- Born: 4 June 1957 (age 68) Orsett, Essex, England
- Spouse: Keith 'Paddington' Richards (since 2003)
- Website: suehodge.biz

= Sue Hodge =

British actress

Sue Hodge (born 4 June 1957) is an English actress, best known for her role as the waitress Mimi Labonq in the BBC sitcom 'Allo 'Allo!. Trained as a dancer and theatre performer at Bird College, she has performed in theatre and on television in the UK and internationally, and appeared as a Force of Darkness in Terry Gilliam's 1985 film Brazil.

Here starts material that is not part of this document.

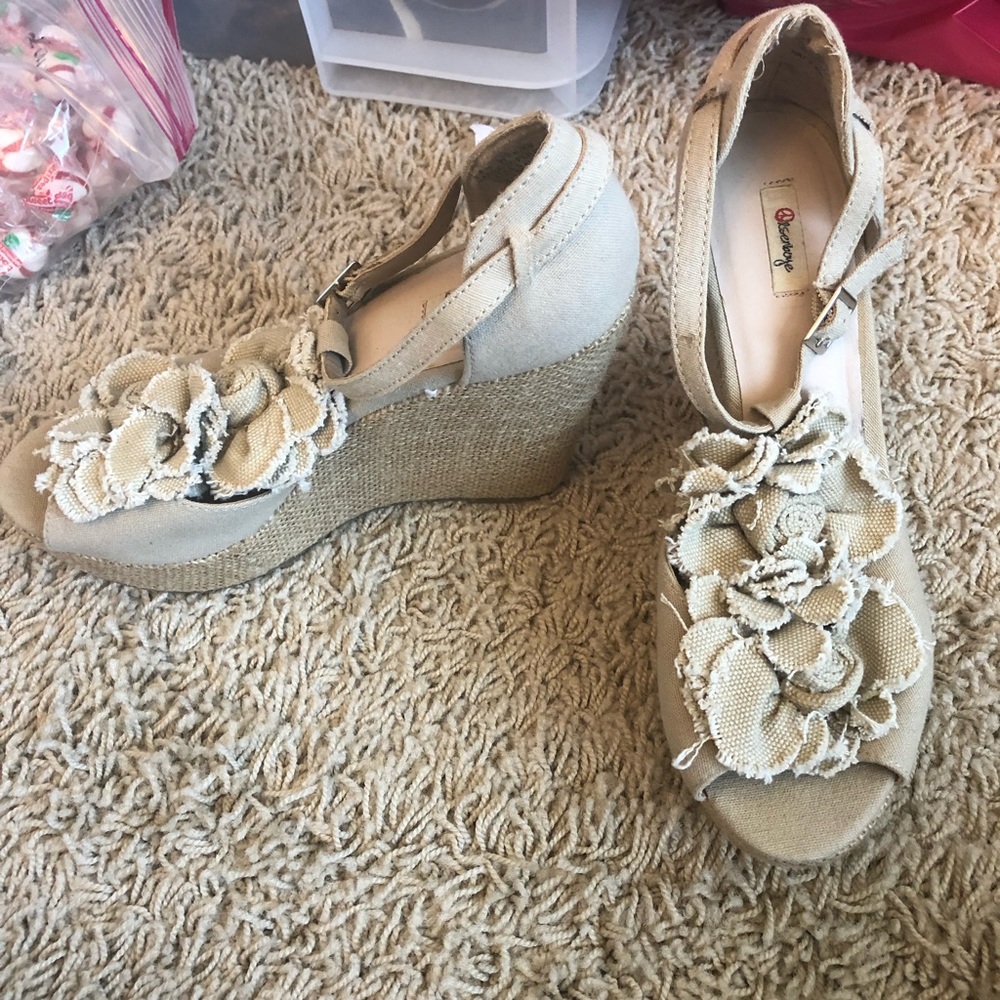 Sandals - Picture 3 of 7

She returned to the role of Mimi in The Return of 'Allo 'Allo! in 2007.

In June/July 2007, she appeared as Mimi in the stage show 'Allo 'Allo!, alongside Gorden Kaye as René Artois and Guy Siner as Lieutenant Hubert Gruber, at Twelfth Night Theatre, in Brisbane, Australia.

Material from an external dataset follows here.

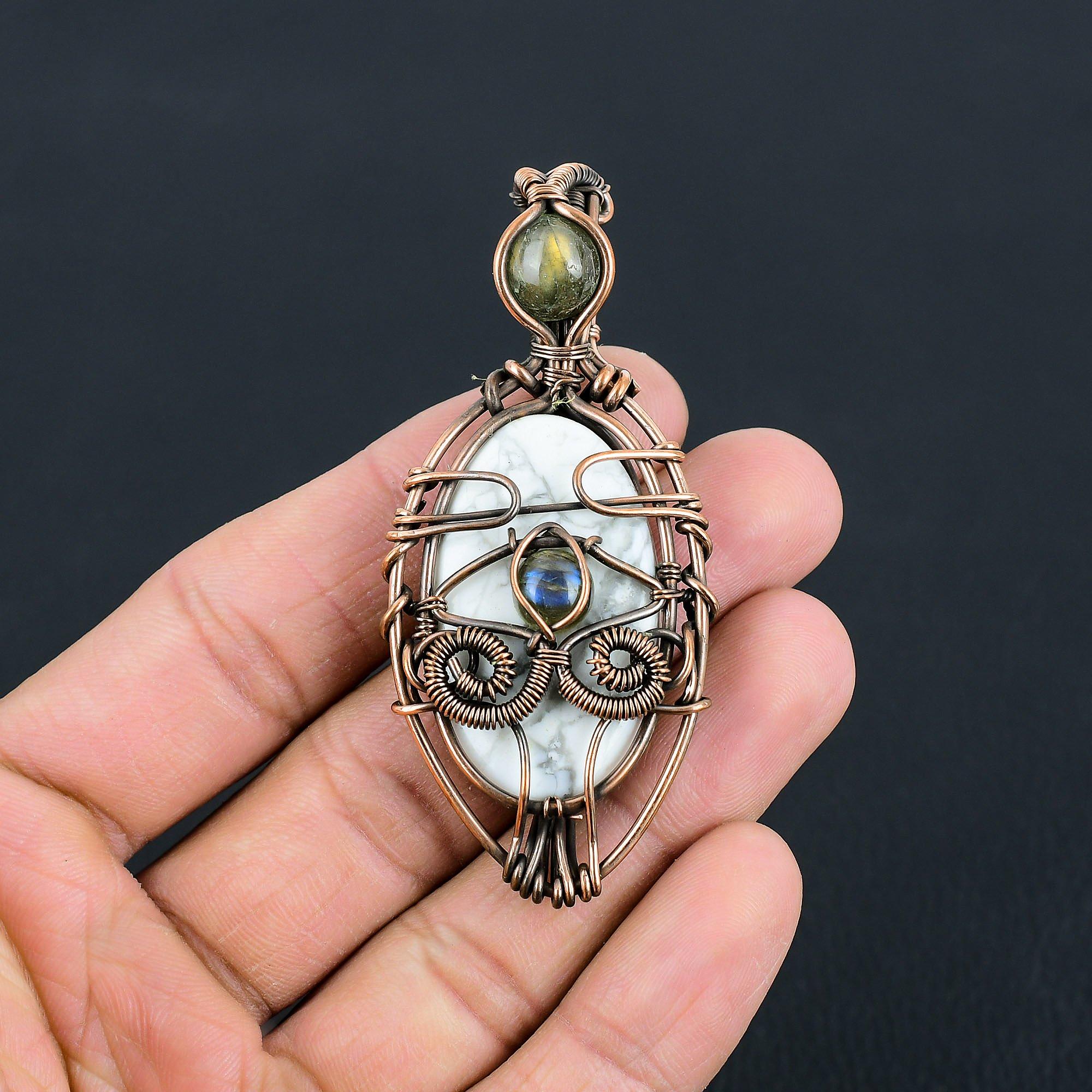 

Ювелирное изделие ручной работы из драгоценных камней говлита и лунного камня, подвеска из чистой медной проволоки 2.56 Inches белый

Hodge returned to British television screens in 2009, playing Connie in BBC3 sitcom The Lads Club.

In 2016 Hodge starred as Nurse Mimi in the Haverhill Arts Centre production of the pantomime Robin Hood.

Hodge tours in a one-woman show Mimi and Me ('Allo Again) and has written a book, Mimi's Memoirs.